Live ist live und Studio ist Studio. Live kann man einen 1A Sound haben und trotzdem nichts transportieren, dagegen kann der Sound "passabel" sein und trotzdem die Lutzi abgehen, weil man auf der Bühne Spass hat und der auch rüberkommt. Du siehst, ich bin nicht so der "Sound muss sein wie aus dem Presswerk"-Typ :-). Gut klingen sollte es trotzdem ;-).

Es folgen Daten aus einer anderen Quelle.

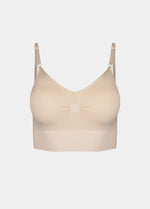 Still front product view of the latte-colored Bamboo Low Back Bra, highlighting the seamless, wireless design in soft bamboo fabric with built-in support, removable inlay pads, and adjustable spaghetti straps.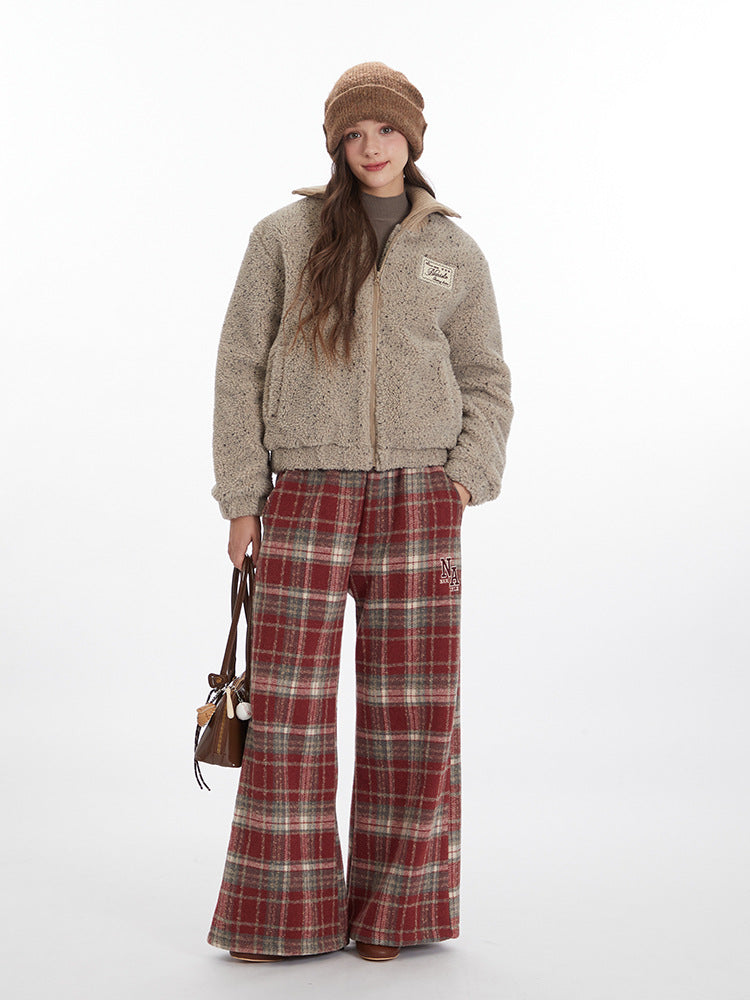 Model in full-length pose wearing beige sherpa jacket, brown beanie, plaid pants and carrying small brown bag against white backdrop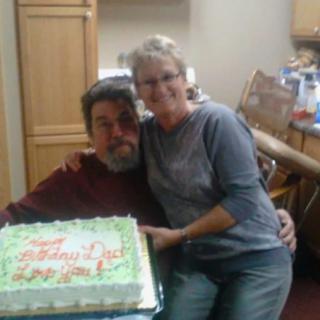 A couple celebrating with a cake in the kitchen.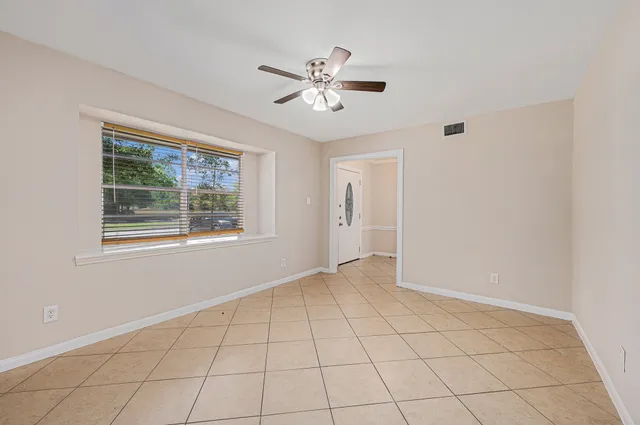 a view of an empty room with window and chandelier fan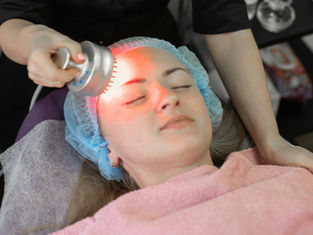 Woman receives facial treatment with a red light device. She is wearing a blue hair cap and pink towel in a clinical setting. Relaxed mood.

Was bei mir sich als Weg zum Klang herausgestellt hat, waren Saiten (wie fühlt es sich an, zu rutschig, zu hakelig), die momentane körperliche Verfassung (Müdigkeit, Krankheit) und der Kopf (war ich bei der Sache und hatte ich Spass daran).
Stimmte das meiste, dann ist normalerweise auch der Klang gut, vor allem wenn ich uns selber mische.